Jedes Mal, wenn ich nach Belarus fahre, um Freunde und Kollegen zu treffen, wird mir die ganze Tragik der Berichterstattung über dieses Land erneut vor Augen geführt. Diese lässt sich, unbeeindruckt von der Ukraine-Krise, der jüngsten Freilassung aller (!) politischen Gefangenen und einer im Detail durchaus differenzierten Entwicklung, mit den Worten zusammenfassen „Im Osten nichts Neues“. Dies entspricht in der Tat dem nach außen sichtbaren Bild, und was die Museen betrifft, sagte mir die Kuratorin Olga Rybchinskaja, dass sich seit Jahren eigentlich nichts tut, es geht nicht vor und nicht zurück. Jeder macht, so gut es geht, „sein Ding“, realisiert Projekte, treibt Geld auf und nutzt den vorhandenen Freiraum für sich.
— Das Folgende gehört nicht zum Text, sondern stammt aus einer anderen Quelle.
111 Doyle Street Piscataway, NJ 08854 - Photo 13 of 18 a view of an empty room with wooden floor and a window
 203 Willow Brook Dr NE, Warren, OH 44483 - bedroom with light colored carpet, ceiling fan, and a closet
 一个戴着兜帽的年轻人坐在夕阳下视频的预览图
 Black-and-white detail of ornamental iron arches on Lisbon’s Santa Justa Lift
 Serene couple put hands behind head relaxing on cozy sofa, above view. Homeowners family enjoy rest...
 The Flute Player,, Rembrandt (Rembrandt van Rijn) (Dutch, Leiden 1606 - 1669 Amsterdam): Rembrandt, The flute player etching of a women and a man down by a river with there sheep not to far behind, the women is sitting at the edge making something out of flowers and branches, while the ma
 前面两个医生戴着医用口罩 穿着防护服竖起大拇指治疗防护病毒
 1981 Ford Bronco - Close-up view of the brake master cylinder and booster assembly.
Was pragmatisch klingt und angesichts der stagnierenden politischen Situation auch ist, bildet die Realität aber nur zu einem Teil ab und darüber wird bei uns so gut wie nie berichtet. Die Menschen sind voller Energie, entwickeln immer neue Ideen und Initiativen, setzten unermüdlich neu an und bewahren neben Geduld und Pragmatismus nicht zuletzt Spaß an ihrer Arbeit und Lebensfreude.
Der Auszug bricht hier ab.